Can creativity foster opportunities for learning? The educational community largely embraces the notion that creative expression is an important aspect of a student’s learning experience. We also know that exposure to the arts and arts-integrated instruction has positive educational benefits, especially for learners who have not succeeded in typical learning environments. To complement these lines of research, we set out to specifically examine the research evidence supporting interventions for creativity and their resulting academic outcomes. We reviewed the research literature with this question in mind. As we delved deeper, two specific issues became clear:
Creativity and the arts:
Creativity in schools is often exclusively associated with the arts. Although this is often the first home of creative expression in schools, it is clear that creativity can be expressed in academic domains beyond the arts, including in arenas not typically associated with creativity, like Science, Technology, Engineering, and Math (STEM) fields. Nevertheless, we observed that the dialogue around creativity in both research and educational circles tends to narrowly associate creativity with the arts. We feel it is important to broaden the discussion to include creative expression in diverse subject areas. The recent addition of the arts to STEM, culminating in a discussion of a STEAM focus, is a reflection of this challenge. On the one hand, it reflects the important role that the arts plays in a well-rounded math and science curriculum, but it once again relegates creativity to the arts, rather than seeing it as an integral part of a broader curriculum.
We conducted several literature searches trying to identify studies that examined interventions for creativity and resulting academic outcomes. These searches emphasized the well-documented benefits of arts-integrated instruction. However, just because a student is learning in an arts-integrated environment does not necessarily mean that creativity is being fostered, and vice versa, so this literature is relevant to our question but cannot directly answer it. The second literature we encountered was regarding the positive association of arts training (i.e., music, art, drama) with higher academic performance. Currently, research has begun to establish a correlation between arts training and academic achievement, but more rigorous experimental designs are needed to support a causal relationship. For instance, it remains unclear whether the same factors that lead a child to excel in academics (i.e., motivation, interest, ability) also leads them to be interested in the arts or if their training in the arts actually promotes academic achievement. This is an important unanswered question for the field. Like the arts-integration literature mentioned above, this arts training literature is also relevant to our question but cannot directly answer it.

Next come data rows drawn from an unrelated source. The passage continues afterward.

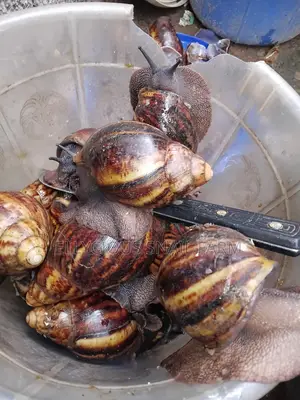 Live Snails - AMO & AMS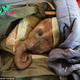 dung..Unbreakable Bond: Orphaned Baby Elephant and Dedicated Caretaker’s Tale of Compassion..D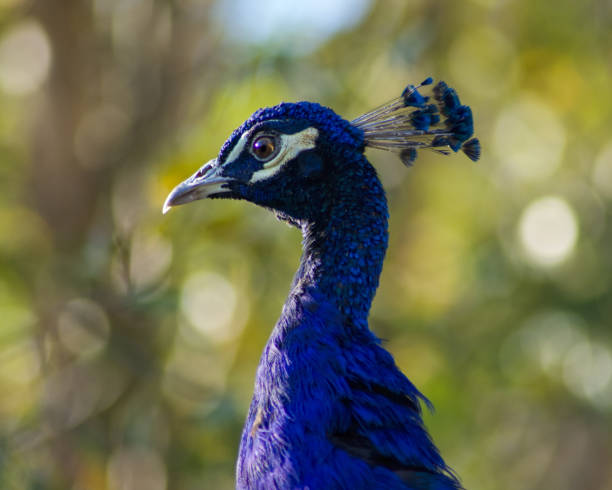 istock The Royal Blue Indian Peafowl 2075822073
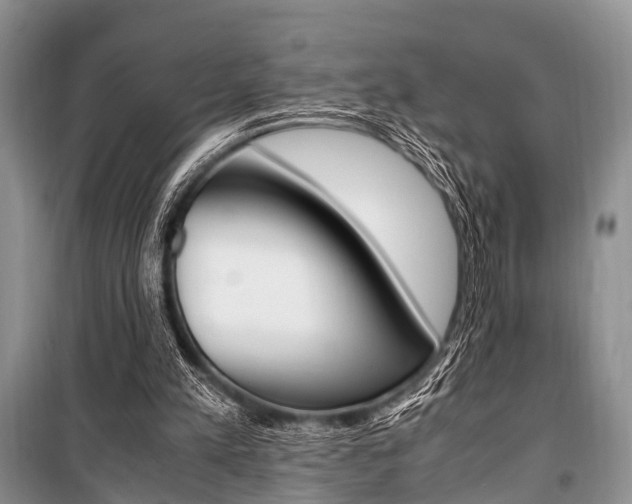 X0000101100197200806261052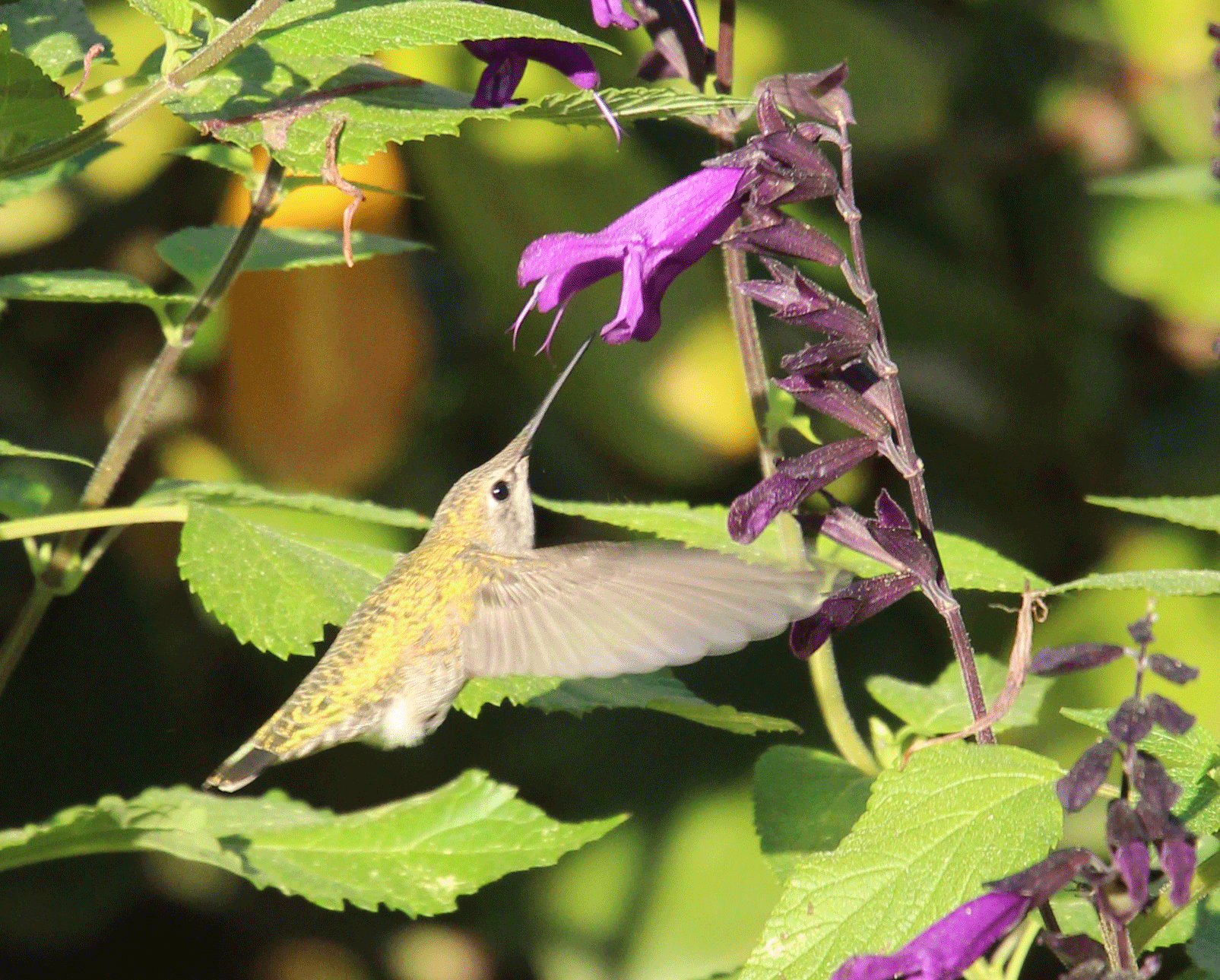 Anna's at Salvia 'Amistad'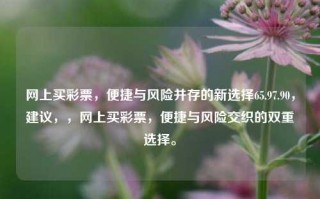 网上买彩票，便捷与风险并存的新选择65.97.90，建议，，网上买彩票，便捷与风险交织的双重选择。，网上买彩票，便捷与风险交织的双重选择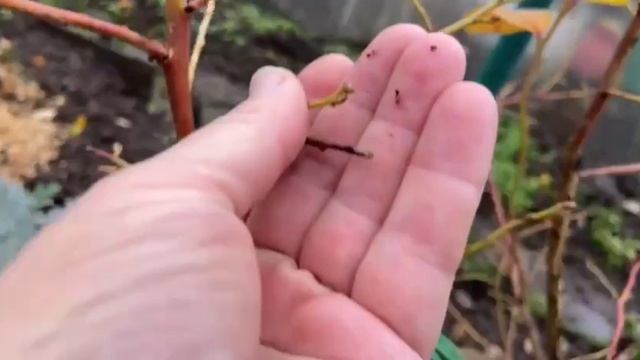 Голубика. Закладка цветоносов на будущий год смотреть онлайн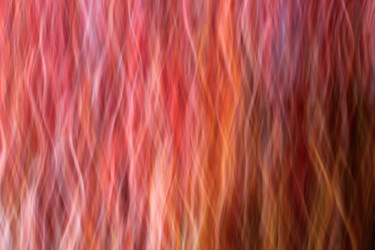 Ondes vibrales II Photographie intitulée "Ondes vibrales II" par François Tondeur, Œuvre d'art originale, Light Painting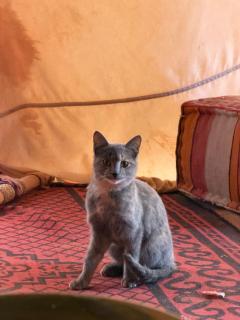 Rimal Travel Camp - 3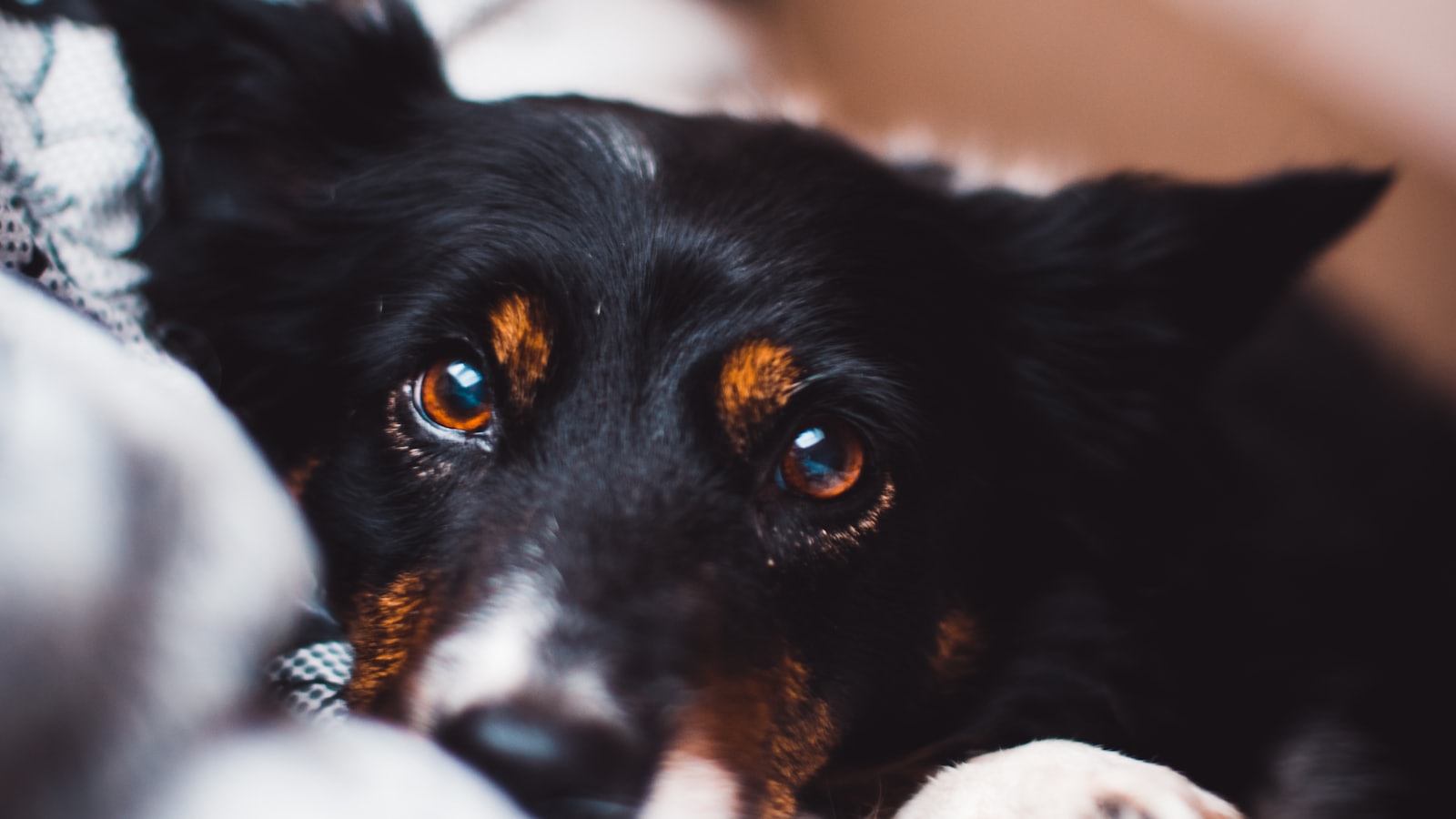 black and brown adult dog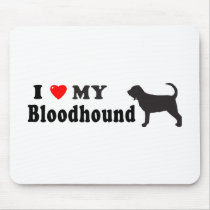 Bloodhound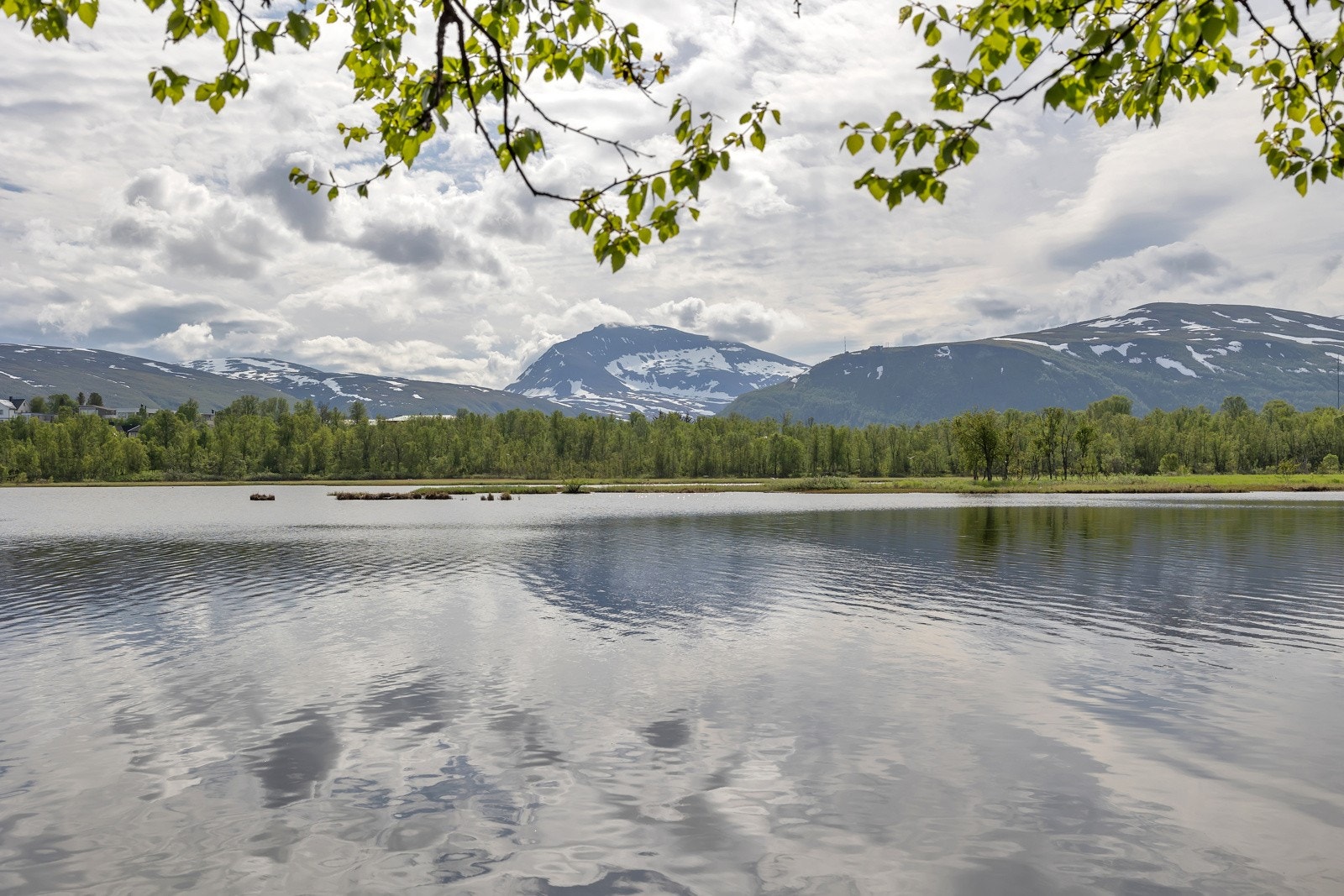 - Velkommen på visning! Galleribilde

Because arts training involves many components in addition to creativity (i.e., practice, diligence, commitment), this literature cannot isolate the impact of creativity on academic achievement. Thus, our focused question examining creativity and academic benefits is partially, but not fully, answered by these two lines of research on arts-integration and arts training. In fact, we discovered that there is very little research addressing our specific question: does fostering a child’s creativity in school lead to measurable gains in academic achievement? This is clearly an important, and understudied question. Based on the arts-integration and arts training literatures, we hypothesize that methods to promote creativity would yield benefits in many academic domains. However, for now, we note the need for further research in this important area.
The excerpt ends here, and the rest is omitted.